───── Raw data ─────
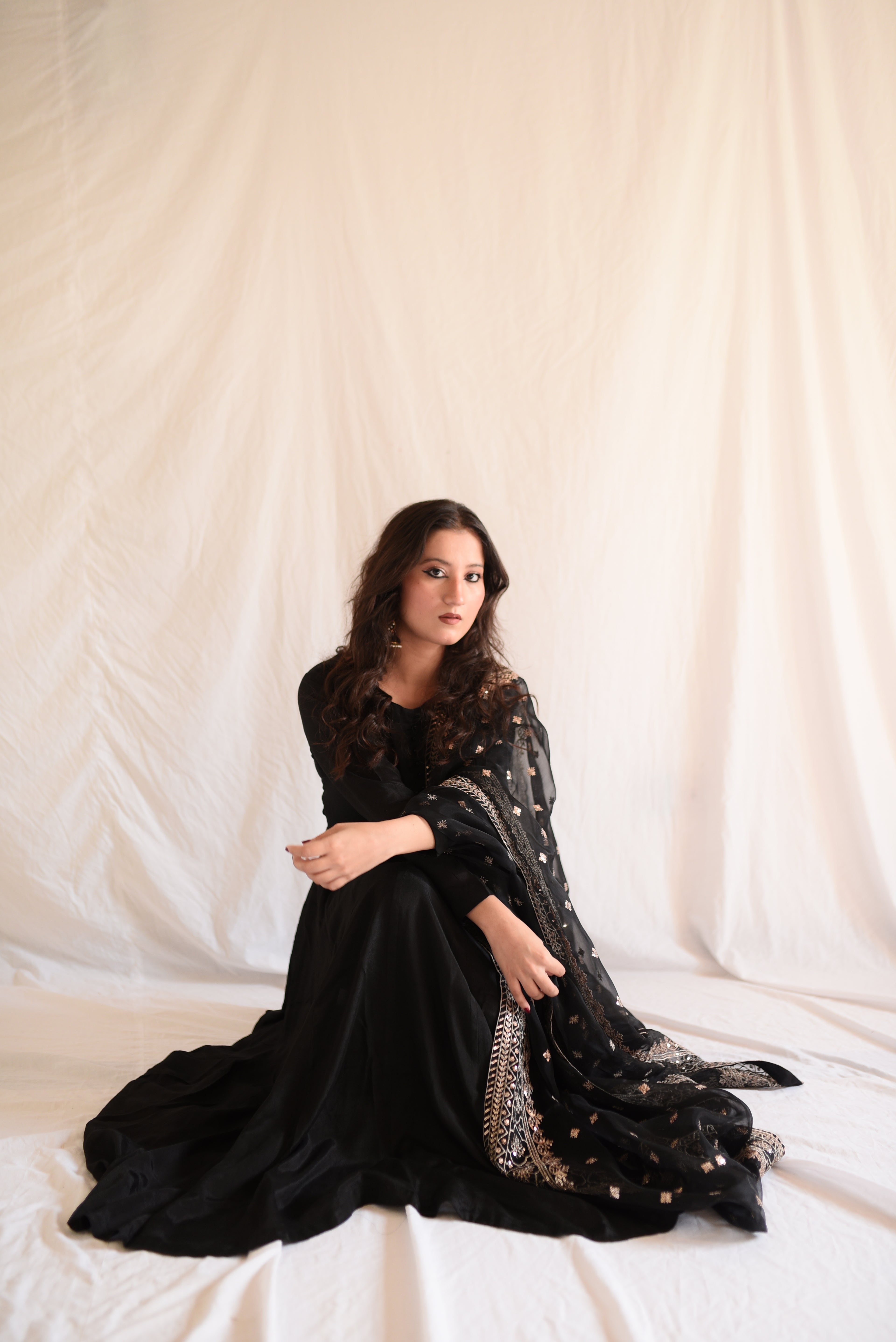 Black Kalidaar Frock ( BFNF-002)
─────
───── Raw data ─────
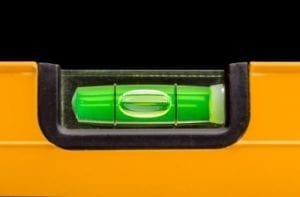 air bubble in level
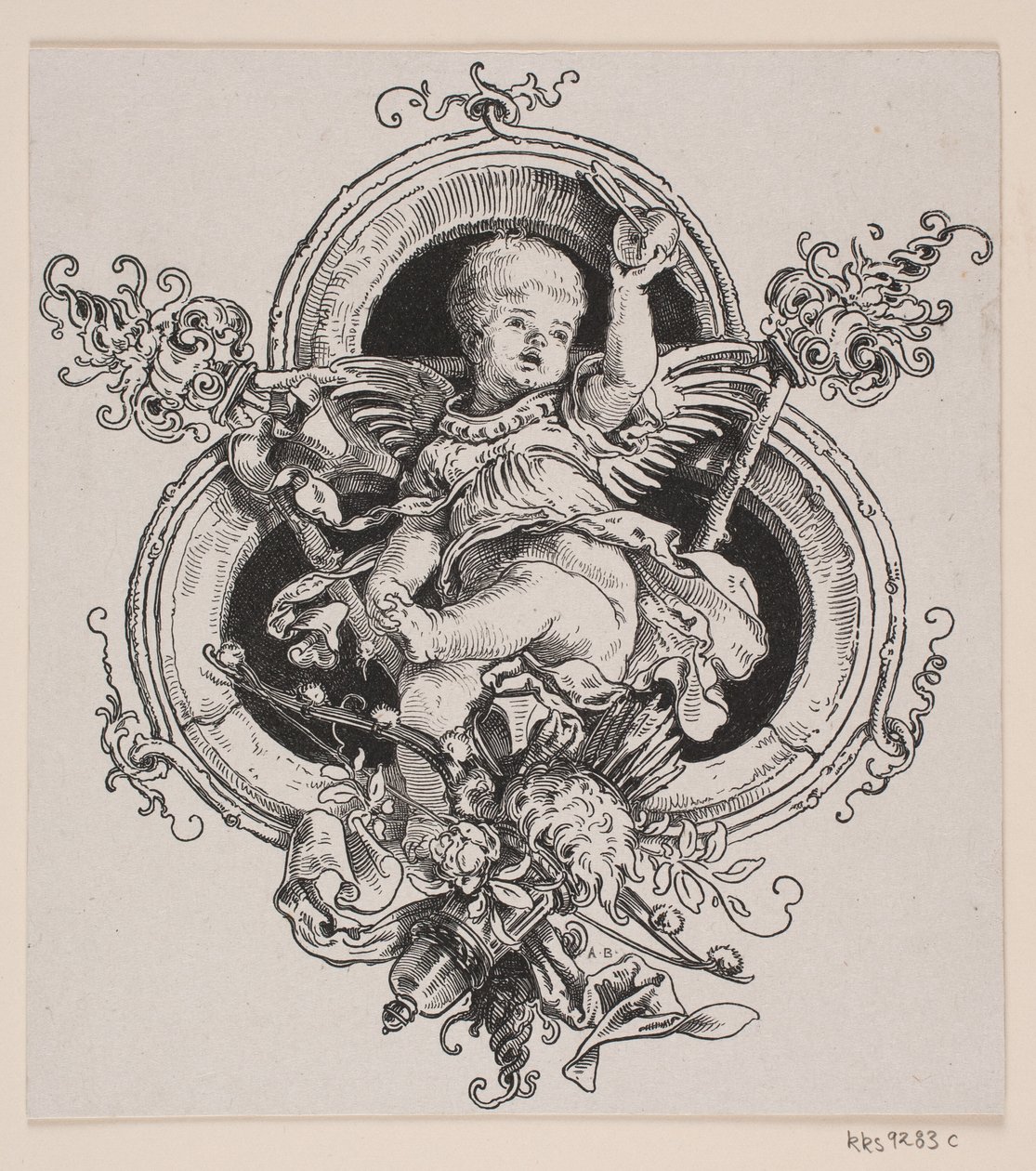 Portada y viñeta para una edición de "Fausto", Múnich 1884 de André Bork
─────
**Instructions to follow**
Your copy should hold the lines from the one with "air bubble in level" up to and including the one with "Portada y viñeta", exactly as in the data above, and no pictures.

**Exercise solution**
 air bubble in level
 Portada y viñeta para una edición de "Fausto", Múnich 1884 de André Bork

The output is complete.